Ok everyone,
After my recent problems with mogas I digged into this subject and it
looks like that with some minor changes the Rotax 914 fuel system can be
made more suitable for mogas.
There are two problems with the use of mogas concerning the Rotax 914:
1) Vapor pressure.
The boiling point of mogas is often lower than that of avgas. With
higher temperatures and lower pressures (altitude) the fuel vaporizes
inside the fuel system. It starts with small bubbles, but eventually it
leads to a complete stoppage of the fuel flow (vapor lock).
2) Ethanol.
Ethanol in the fuel can bind water and keep it in suspension. At lower
temperatures (like after climbing to altitude) the water can precipitate
out of the fuel. Eventually this can lead to freezing or other water
related problems.
For both problems there are solutions:
1) In the 914, the fuel system is pressurised, and there is a high
return flow of fuel. The pumps are located outside the engine bay.

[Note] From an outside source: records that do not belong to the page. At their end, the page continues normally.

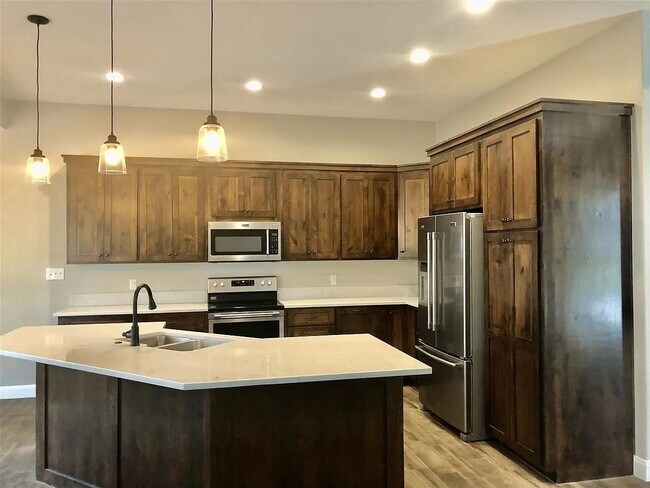 Building Photo - 120 Dove Ln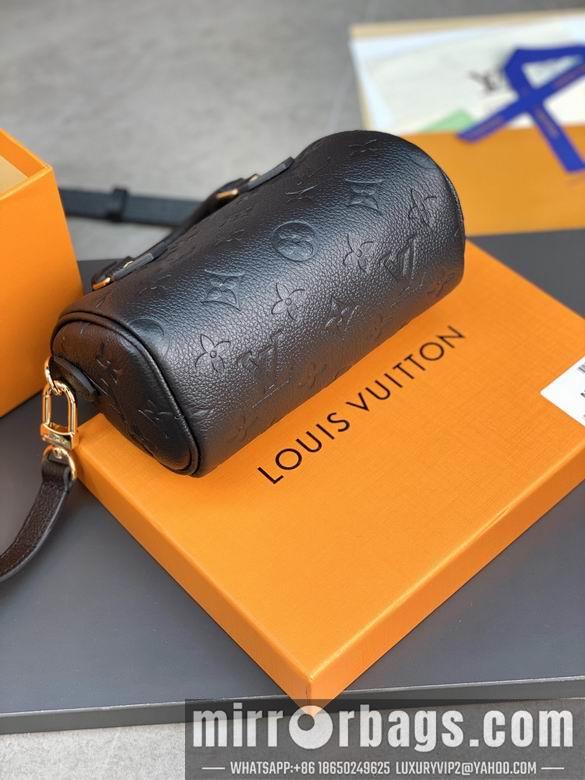 1:1 Louis Vuitton Bags M82450 16X10X7.5cm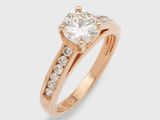 une bague de fiançailles en or rose sertie d'un diamant rond taille brillant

Consequently, there is almost no heating of the fuel, and bubbles are
transferred back to the fuel tank because of the return flow and
pressure regulator.
There is one weak point, and that is the fuel pump inlet. The suction of
the fuel pump causes a pressure drop in the inlet, especially if the
inlet system contains a fuel filter. The drop of pressure invites the
fuel to vaporize instantly. Once vaporized, it will not easily revert
back to a liquid state, even if the pressure is increased again.

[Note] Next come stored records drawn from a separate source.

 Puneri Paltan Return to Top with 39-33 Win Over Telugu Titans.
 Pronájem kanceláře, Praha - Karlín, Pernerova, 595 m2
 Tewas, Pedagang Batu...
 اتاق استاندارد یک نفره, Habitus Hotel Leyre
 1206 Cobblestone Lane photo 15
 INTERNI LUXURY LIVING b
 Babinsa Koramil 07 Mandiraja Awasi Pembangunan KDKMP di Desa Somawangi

In cars, to minimeze vapor lock problems, fuel pumps are often located
inside the tank, to eliminate/minimize the suction (low pressure) area.

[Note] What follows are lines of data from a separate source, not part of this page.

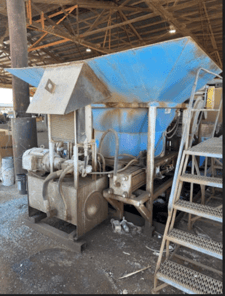 No. 1000-RST Ars, puck briquetter, 3.5" x 3.5"briquette size, 10" cylinder bore, 40 HP, 196 ton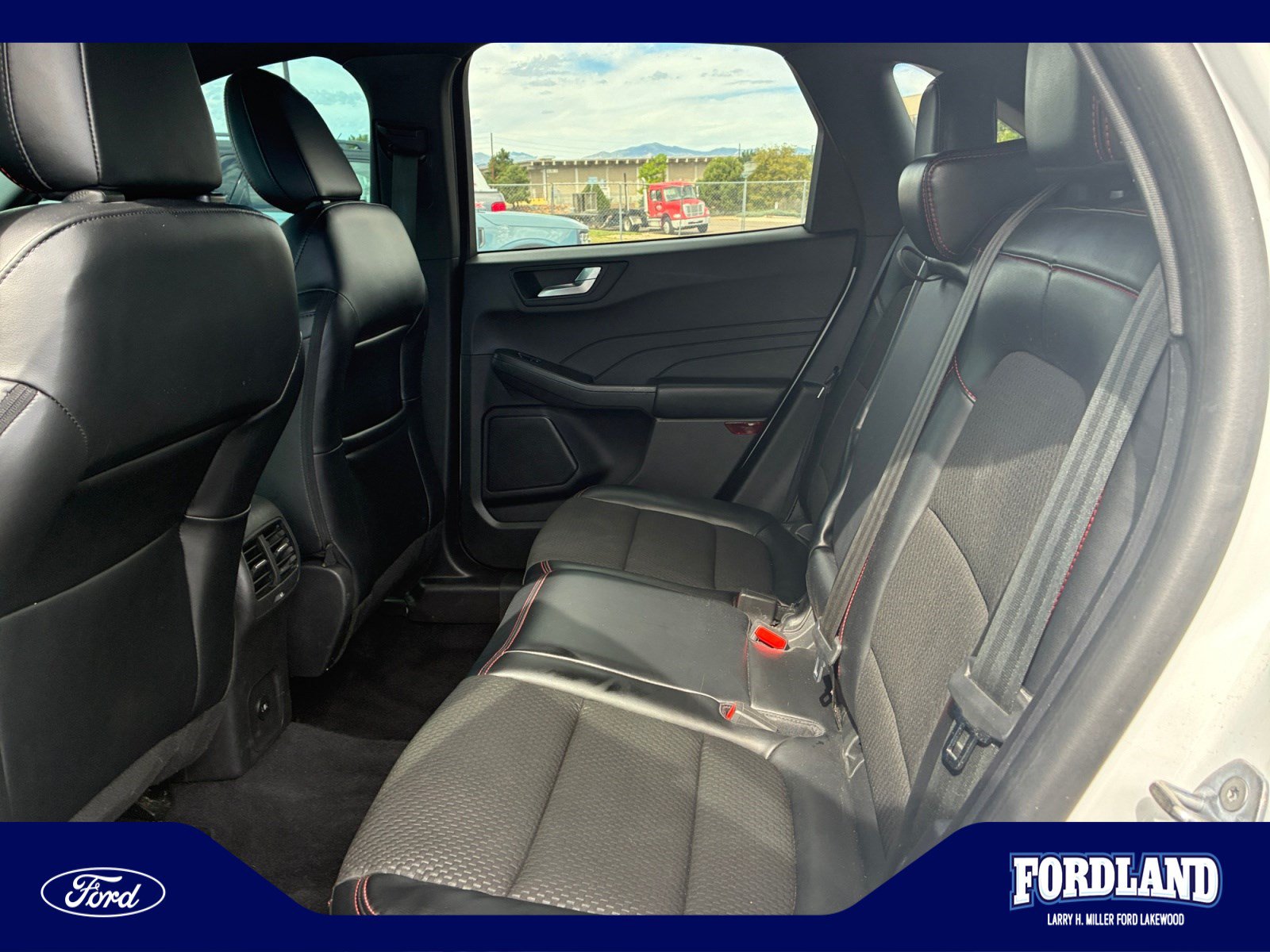 Used 2023 Ford Escape ST-Line AWD/4WD image 17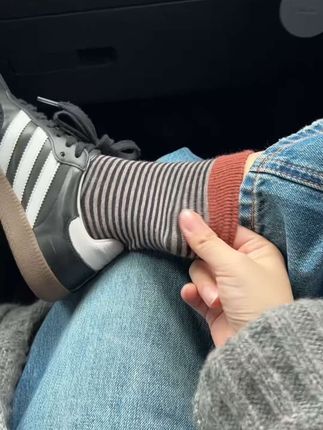 每年都在找这种金典条纹的中筒袜!百搭脚感特别舒服~当个月子袜也是合适适的😆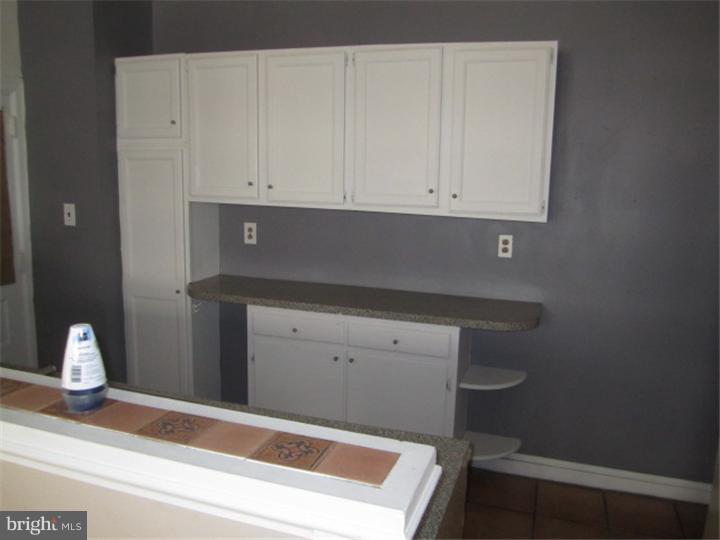 7611 Parkview Road Upper Darby, PA 19082 - Photo 4 of 8
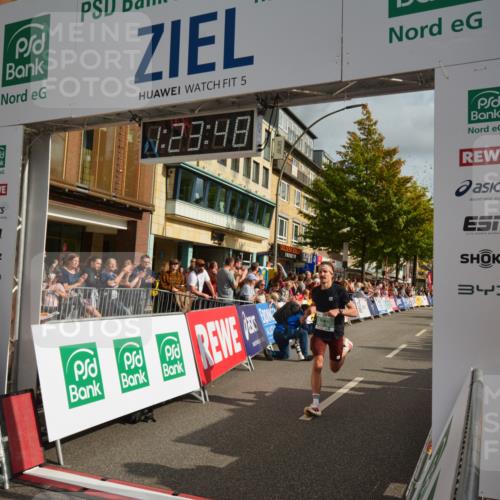 20.09.2026 - PSD Bank Halbmarathon LAZAROV Photography http://msf.ph/oto/10548920 20.09.2026 11:23:47 Ziel 1024, 1842, 3377, 4146 meine-sportfotos.de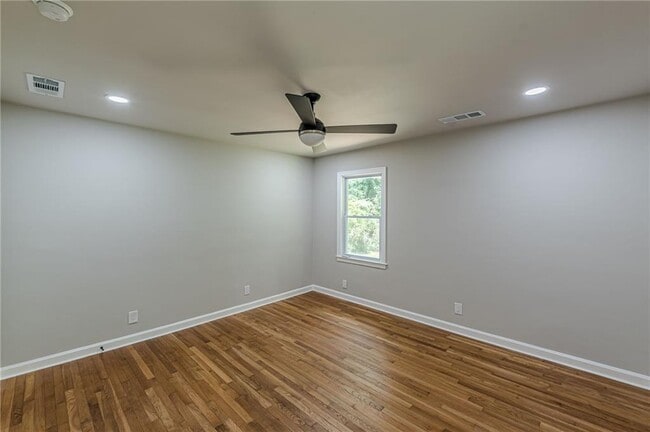 Building Photo - 1624 Dodson Dr SW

In the 914, I think a good solution would be to install a high flow/low
pressure pump at the main tank outlet, combined with a bypass check
valve. Such a pump will eliminate the flow resistance of the fuel valve,
the filters, the hoses, the various joints, and thus eliminate the low
pressure area. If the pressure in the entire fuel system is kept higher
than in the tank, the fuel will not vaporize.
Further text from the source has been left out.